The Chicago Park District park occupies 2.98 acre of land. It features a playground outdoor outdoor basketball court, and a field.

The park was constructed as part of a CPD initiative to establish new parks in the years following World War II. This followed a long period in which the city's park system had seen no new parks added. A "Ten Year Plan" was outlined which identified 43 sites in the city to prioritize the establishment of new parks, targeting previously underdeveloped neighborhoods that lacked recreational facilities and were now experiencing post-war population growth. The program was estimated to cost $60 million, and the park district began selling $24 million in municipal bonds in 1945 to fund its first phase. One of the first properties acquired 3 acre of land in the South Chicago neighborhood for Eckersall Park.

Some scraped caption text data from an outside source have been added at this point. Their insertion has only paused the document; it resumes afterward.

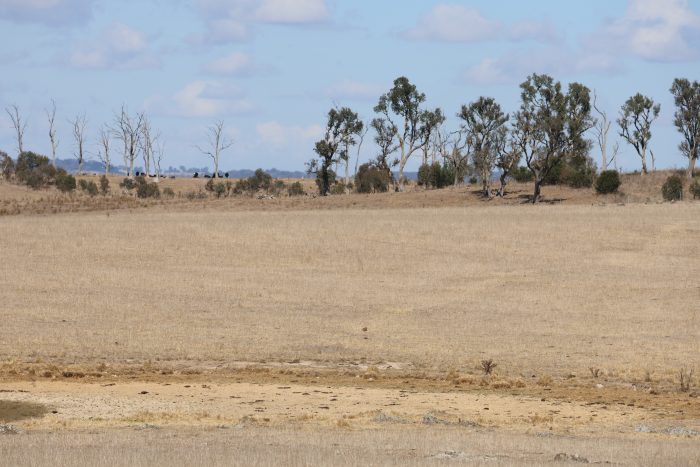 The government needs to support our farmers as drought worsens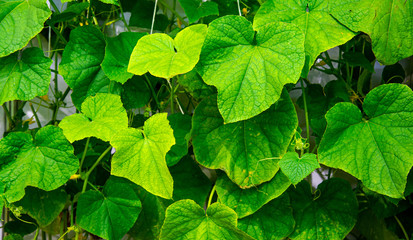 Fototapeta na wymiar Closeup green creeper plants background.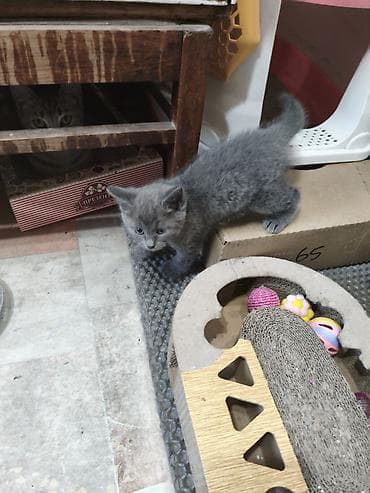 Продажа кошек: Британская короткошёрстная, 1 месяц, Мальчик, Голубой, Приучена к лотку — 3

Both the park and the adjacent stadium are named for Walter Eckersall.

==Stadium==

Adjacent to the CPD-operated playground is Eckersall Stadium, a sports facility operated by Chicago Public Schools (CPS). It is one of seven stadiums operated by Chicago Public Schools, which play host to Chicago Public League sporting events. As of 2022, it was the site of approximately 1,000 games each year.

The stadium was built in 1949. It was renovated in 2018 and 2024. The 2018 renovations of the stadium were completed as part of the Chicago city government's "Building on Burnham" parks renovation plan, an initiative which the city launched in 2011. In August 2018, Mayor Rahm Emanuel and area alderman Gregory Mitchell participated in a ribbon cutting ceremony marking the completion of that renovation. The renovation was touted as enhancing the venue's quality as a community asset that the local government planned to continue using for community events, including local Special Olympics competitions. CPS played a role in shaping the renovations. The renovations added artificial turf to the football field, renovated the running track, and added new facilities for the staging of discus, high jump, pole vault, and shot put competitions.

At one time, the Chicago Catholic League football team of Mount Carmel High School played their home games at the stadium. However, the team left for Gately Stadium, where they played for many decades before moving to an on-campus venue in 2019.

The stadium and adjacent park were used as a filming location for the film The Express: The Ernie Davis Story, released in 2008.